MLE and MAP#

In the introductory post to Machine Learning post, we said that a major assumption in Machine Learning is that there exists a (possibly stochastic) target function \(f(x)\) such that \(y = f(x)\) for any \(x \in \mathbb{R}^d\), and such that the datasets

\[ X = [x^1 x^2 \dots x^N] \in \mathbb{R}^{d \times N} \]
\[ Y = [y^1 y^2 \dots y^N] \in \mathbb{R}^N \]

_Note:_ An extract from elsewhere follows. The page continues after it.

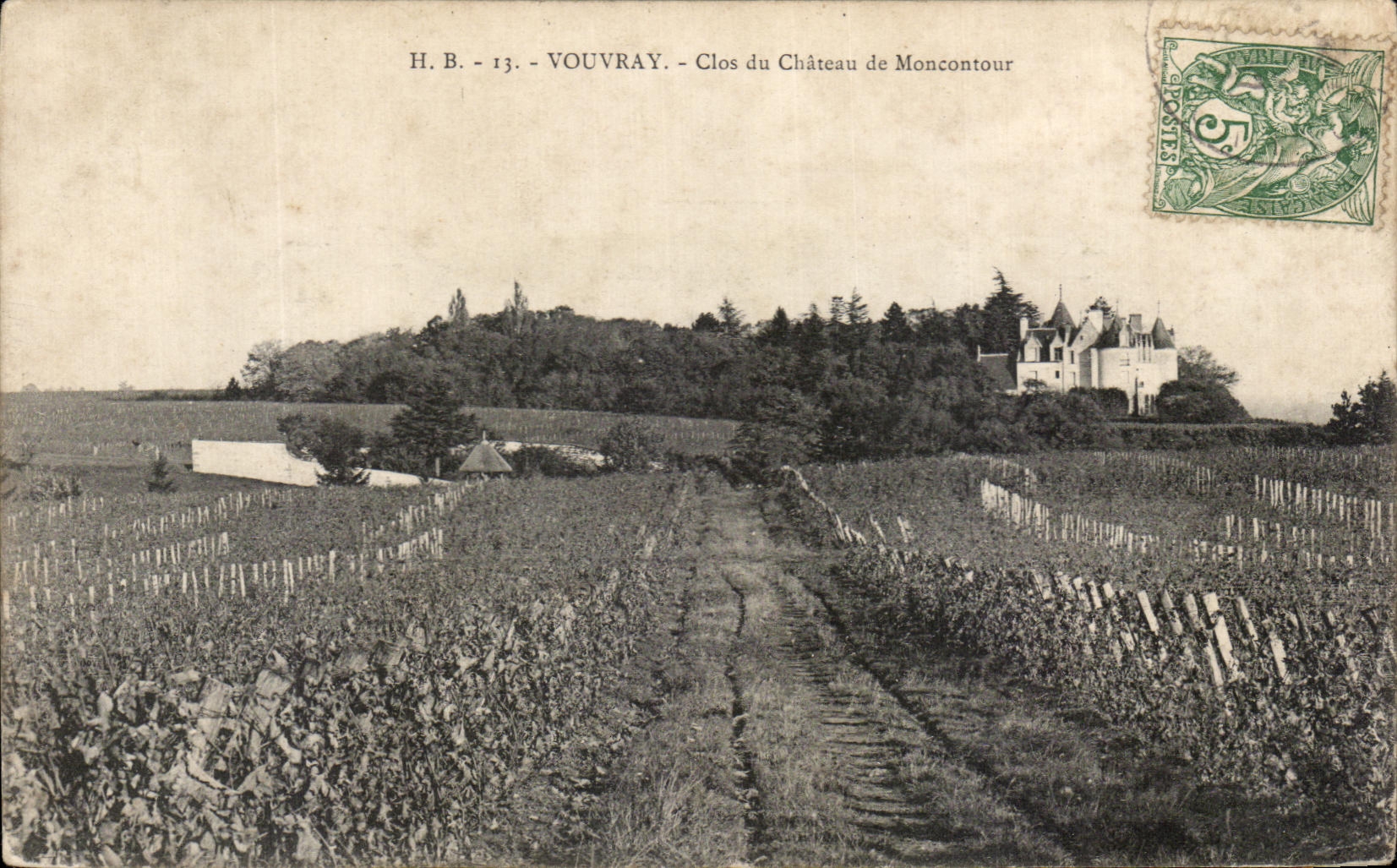 CPA Vouvray Clos du chateau de Moncontour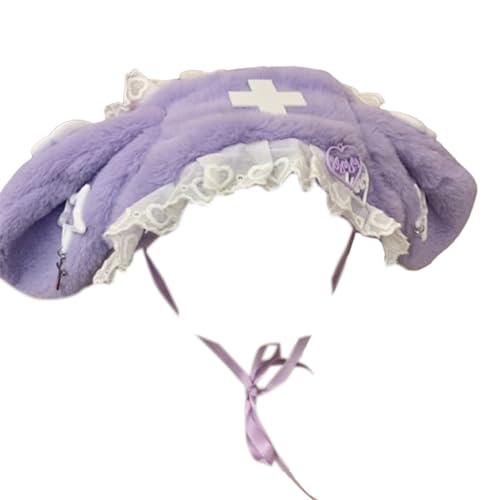 Girls Plissee Spitze Hängende Kaninchenohr Stirnband Frau Masquerade Make Up Machen Foto Stirnband Carnivals Party Kopfstücke Plüsch Stirnbänder Für Frau Zum Waschen Von Gesicht Plüsch Stirnbänder von Storage Bag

are generated by considering \(N\) independent identically distributed (i.i.d.) samples \(x^i \sim p(x)\), where \(p(x)\) is the unknown distribution of the inputs, and considering \(y^i = f(x^i)\) for any \(i = 1, \dots, N\). When \(f(x)\) is a stochastic function, we can consider the sampling process of \(y^i\) as \(y^i \sim p(y|x^i)\) for any \(i = 1, \dots, N\). In this setup, we can consider the decomposition

\[ p(x, y) = p(y|x) p(x) \]

where \(p(x, y)\) is the joint distribution, \(p(x)\) is called prior distribution over \(x \in \mathbb{R}^d\), while \(p(y|x)\) is the likelihood or posterior distribution of \(y\) given \(x\). With this framework, learning a Machine Learning model \(f_\theta(x) \approx f(x)\) for any \(x \sim p(x)\) with parameters \(\theta \in \mathbb{R}^s\), can be reformulating as learning a parameterized distribution \(p_\theta(y|x)\) which maximizes the probability of observing \(y\), given \(x\).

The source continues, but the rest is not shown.